Quantum Country’s prompts are designed to help readers remember technical material, but it may be possible to adapt similar mechanisms to support future timeful texts.
Consider The Elements of Style, a classic writing primer by Strunk and White. The authors demonstrate the value of parallel construction with this example from the Bible: “Blessed are the poor in spirit: for theirs is the kingdom of heaven. Blessed are they that mourn: for they shall be comforted. Blessed are the meek: for they shall inherit the earth.” But it’s not enough to read an example. Good writers’ ears become automatically alert to these constructions. They notice opportunities to create parallelisms, and they notice dissonance when similar phrases are presented differently. It takes time to develop this awareness.
What if, a week after learning about parallel construction, a reader’s review session included this prompt?
The following quote has been modified to remove a parallel construction. How might you rewrite it to add parallel construction? How do the two differ in effect?
“My fellow Americans, ask not what your country can do for you.

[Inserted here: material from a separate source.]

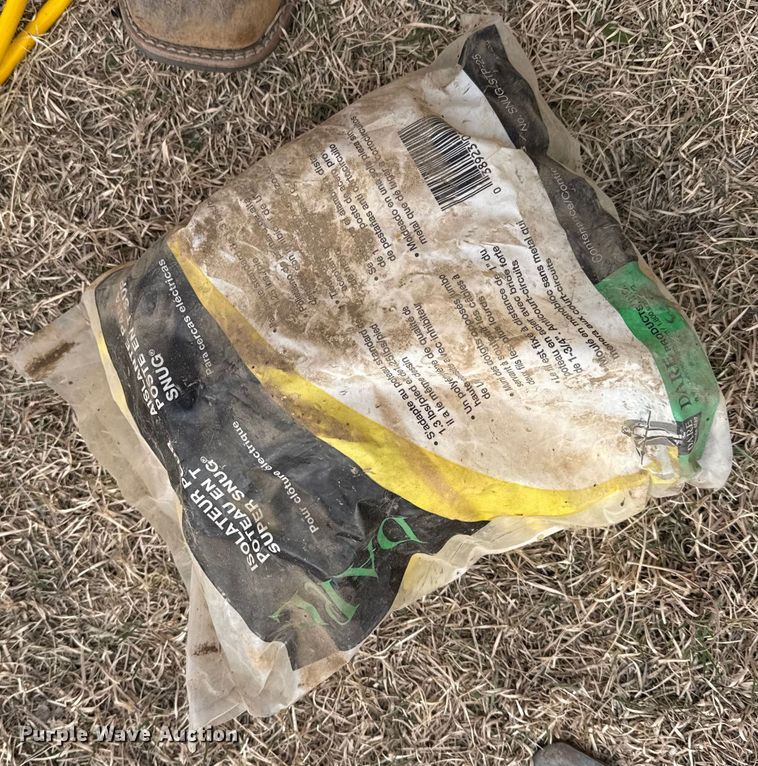 image for item DZ5009 Fencing supplies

Instead, reflect on what you can contribute to these United States.” (modified from a quote by John F. Kennedy, which would be revealed in its original form once the reader had finished with the prompt)
A week or two later, a similar prompt might appear with a different distorted quote. For example: “You can fool all the people some of the time, and you can mislead many listeners consistently. But you won’t be able to fool everyone reliably.” (adapted from Abraham Lincoln)
Such prompts might seem onerous or strange on their own, but what if most educated people maintained a regular review practice of the kind we’ve described? The example reflection prompt would sit between others on physics, poetry, and whatever else you’d been thinking about. If you found the prompt useful, it would recur in another week; if not, perhaps it would reappear in a few months. A book like The Elements of Style might include dozens or hundreds of prompts like these on various topics, so that you’d see one or two each day over weeks and months as you integrate its ideas into the way you view and practice writing.
In early chapters of Quantum Country, readers see every prompt as they read the text, and the prompts remain the same in the ensuing review sessions. But in the final chapter, we added a new kind of prompt which changes over time in a programmed sequence. Perhaps future timeful texts could unfurl their contents over the course of many sessions, much as we observed that digital meditation lessons do.
Of course, spaced repetition is just one approach for writing timeful texts. What other powerful tools might it be possible to create, making future books into artifacts that transcend their pages, as they slowly help readers shape their lives?